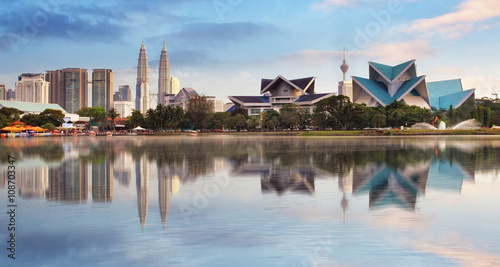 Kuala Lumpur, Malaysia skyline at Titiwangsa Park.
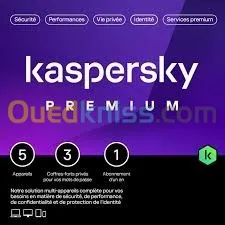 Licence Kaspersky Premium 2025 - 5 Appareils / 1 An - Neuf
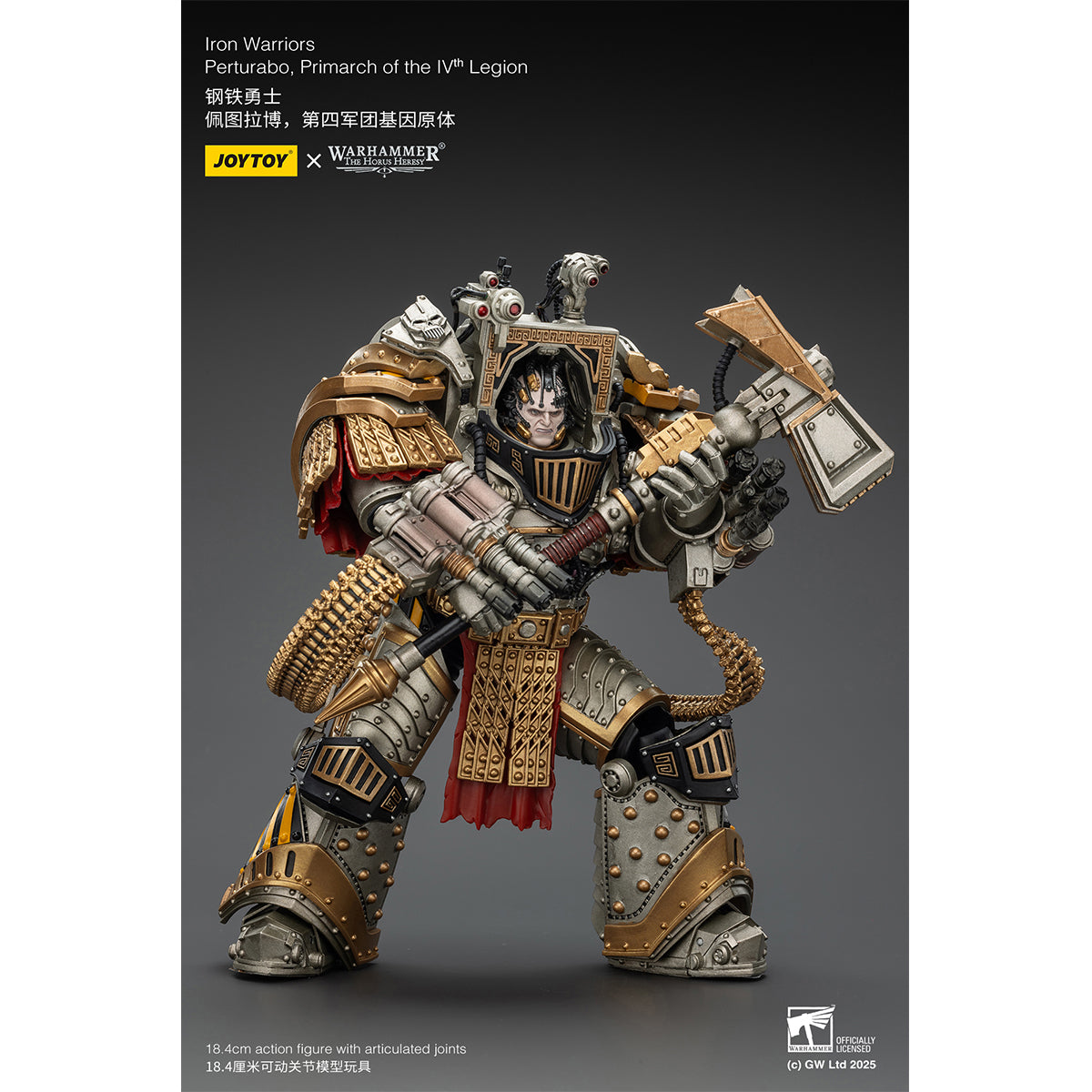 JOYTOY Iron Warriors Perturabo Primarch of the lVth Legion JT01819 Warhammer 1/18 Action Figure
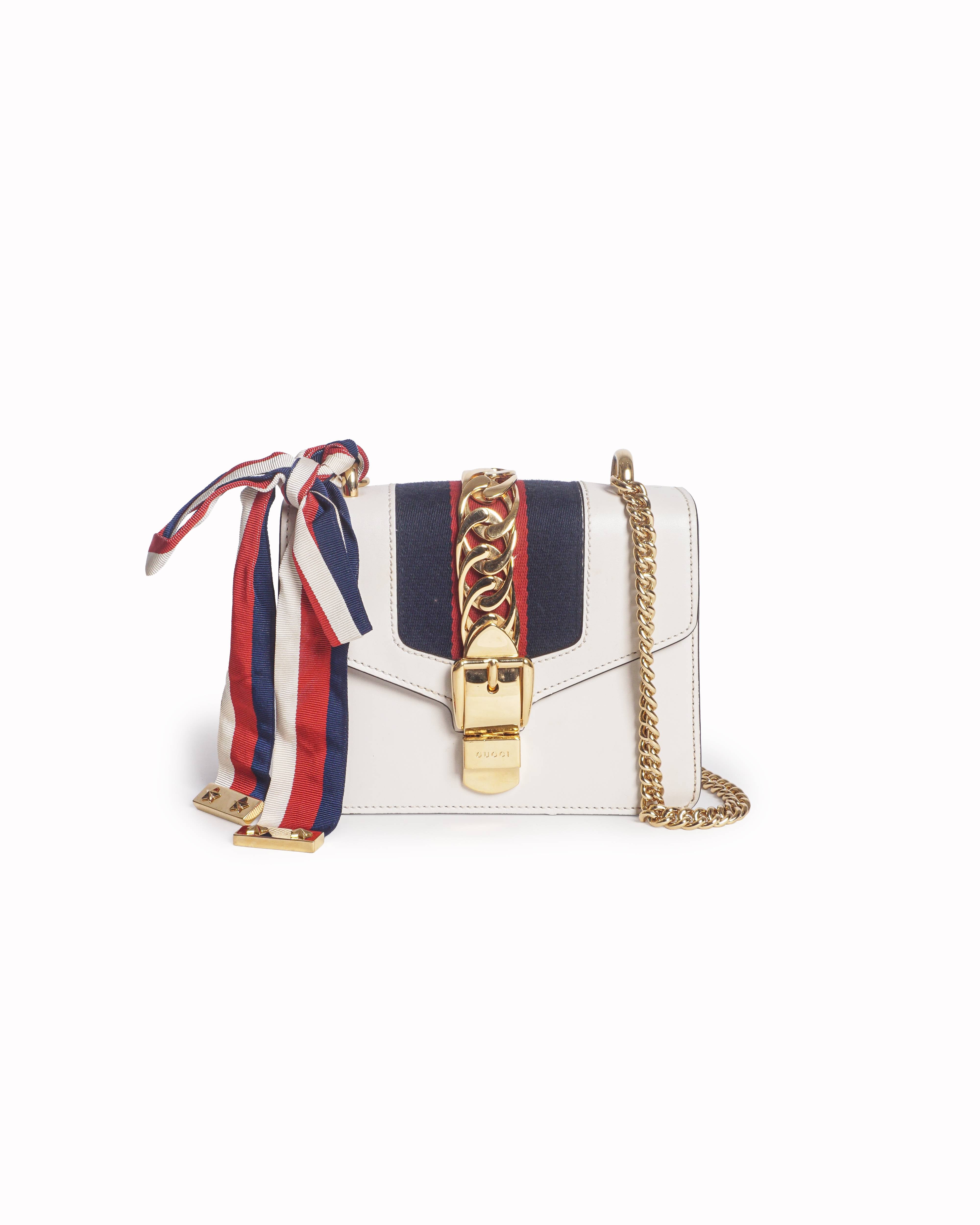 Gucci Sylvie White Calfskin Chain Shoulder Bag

::::

Description of the task: An exact transcript is required, covering the lines from the one containing "Licence Kaspersky Premium" through the end of the listing above, inclusive, without pictures.

Solution for this problem:
 Licence Kaspersky Premium 2025 - 5 Appareils / 1 An - Neuf
 JOYTOY Iron Warriors Perturabo Primarch of the lVth Legion JT01819 Warhammer 1/18 Action Figure
 Gucci Sylvie White Calfskin Chain Shoulder Bag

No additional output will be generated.